• [The data]:
**********

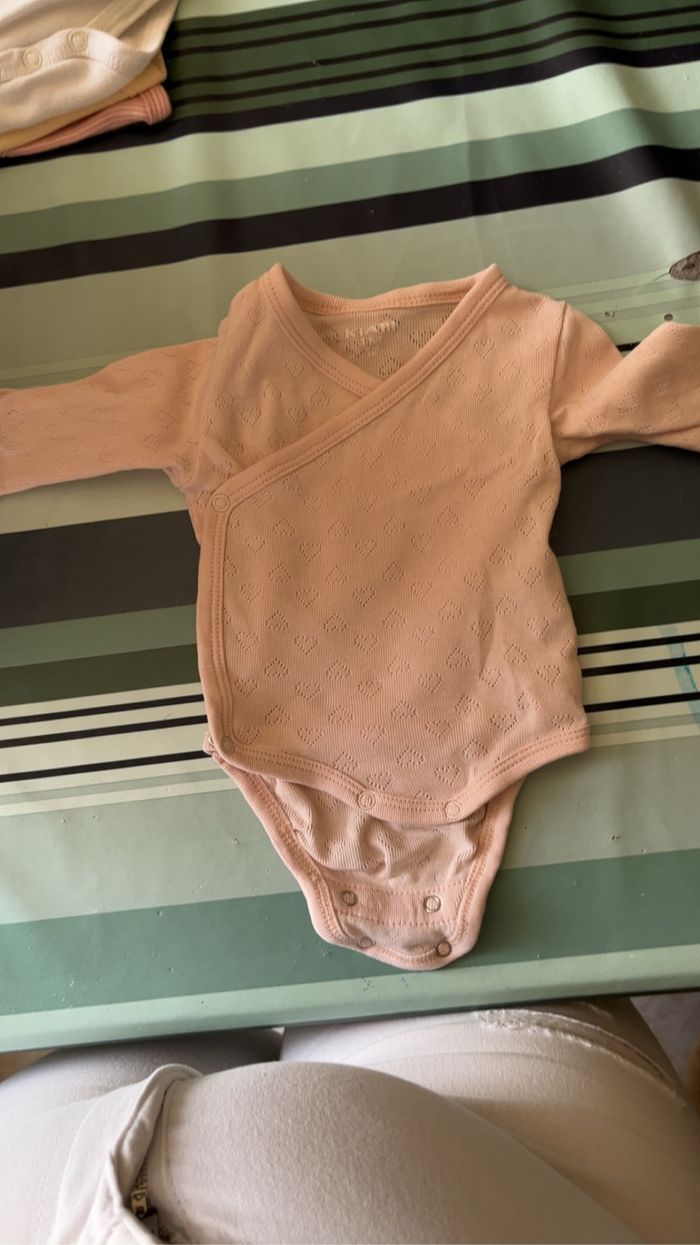Body bébé - photo numéro 4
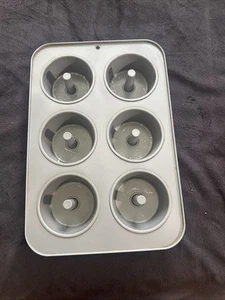 Donut Or Bundt Cake Baking Pan Non-Stick 6-Cavity Good Condition - Bild 1 von 2
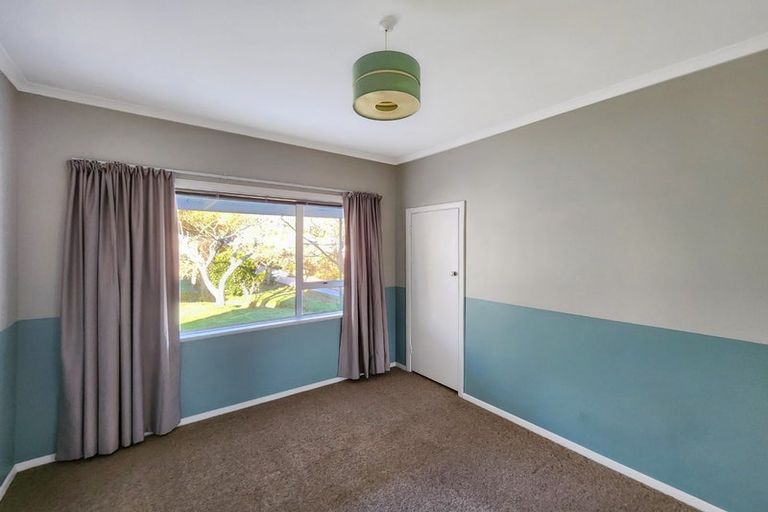 Photo of property in 25 Manuka Street, Stokes Valley, Lower Hutt, 5019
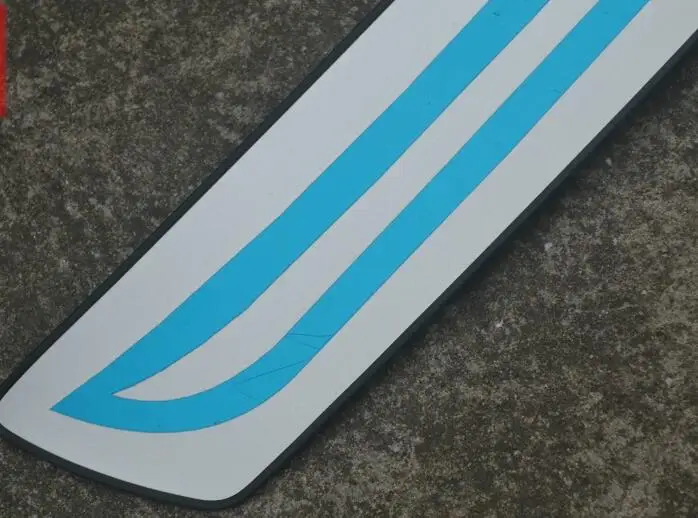 Нержавеющая сталь заднего бампера протектор Подоконник для 2013 Skoda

**********

• [Task]:
Without the pictures, repeat exactly the lines running from the line containing "Donut Or Bundt" through the end of the data, both ends included.

• [Result of the task]:
 Donut Or Bundt Cake Baking Pan Non-Stick 6-Cavity Good Condition - Bild 1 von 2
 Photo of property in 25 Manuka Street, Stokes Valley, Lower Hutt, 5019
 Нержавеющая сталь заднего бампера протектор Подоконник для 2013 Skoda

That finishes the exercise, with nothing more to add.